Datastores

A Datastore is DiGiT's storage abstraction. It knows how to read data from a file or in-memory source, write data in a specified format, and report whether previously generated data already exists (for resuming interrupted runs).

Tasks create and manage their own datastores. You do not instantiate datastores directly in most cases. Instead, you configure them through the task YAML and the framework wires them up at runtime.

What gets stored

DiGiT creates the following stores for each task under <output_dir>/<task_name>/:

Store	File	Contains
`data`	`data.jsonl`	Records generated during the main loop, appended each iteration
`final_data`	`final_data.jsonl`	Post-processed data; identical to `data` if no postprocessors are defined
`postproc_data_N`	`postproc_data_1.jsonl`, etc.	Data between postprocessing epochs
`formatted_data`	`formatted_data.jsonl`	Output after a formatter block runs
`task_card`	`task_card/task_card.jsonl`	Run configuration and metadata
`task_results`	`task_results.jsonl`	Execution metadata: start time, record counts, custom metrics
`logs`	`logs.jsonl`	Structured log records for this task
Block stores	`blocks/<block_name>/*.jsonl`	Records rejected by validator blocks

The output directory defaults to output/ at the repository root. Set DGT_OUTPUT_DIR to change it, or override per task via runner_config.output_dir in the task YAML.

Configuring a datastore

The default datastore type handles the common cases. Override it in the task YAML under datastore:

datastore:
  type: default
  output_data_format: parquet # write final data as Parquet instead of JSONL

To configure where seed examples are loaded from, use seed_datastore:

seed_datastore:
  type: default
  data_path: ${DGT_DATA_DIR}/public/examples/qa/seed_examples.jsonl

${DGT_DATA_DIR} resolves to the data/ directory at the repository root by default. You can override it by setting the environment variable.
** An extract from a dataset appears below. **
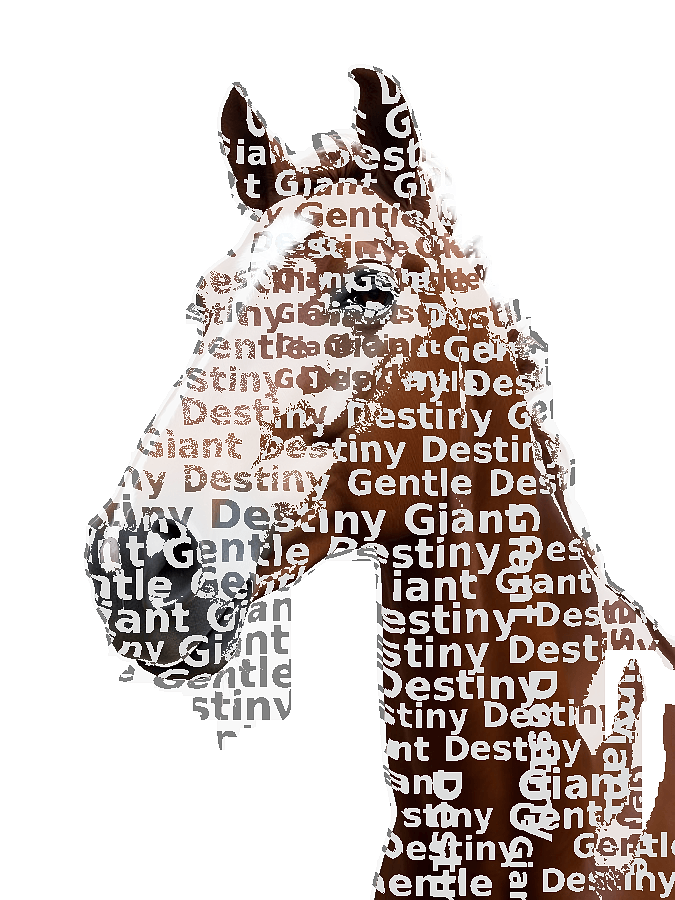 Custom Horse Typography Portrait — Equestrian Word Art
For transformation tasks, the input dataset is configured under data:

data:
  type: default
  data_path: ${DGT_DATA_DIR}/public/examples/fact_triples/paragraphs.jsonl

Default datastore

The default datastore (type: default) supports reading from and writing to files in the following formats:

Readable formats: .jsonl, .json, .yaml, .parquet, .csv, .txt, .md, and HuggingFace dataset directories.

Writable formats: jsonl (default), parquet.

Large files (JSONL, Parquet, CSV) are loaded lazily to avoid reading everything into memory at once.

Key configuration fields:

Field	Default	Description
`data_path`	None	File path or glob pattern to read from. Supports `${VAR}` expansion.
`output_data_format`	`jsonl`	Format for writing output: `jsonl` or `parquet`.
`data_formats`	None	Filter loaded files by extension (e.g., `[".jsonl", ".json"]`).
`data_split`	`train`	HuggingFace dataset split name, when loading from a dataset directory.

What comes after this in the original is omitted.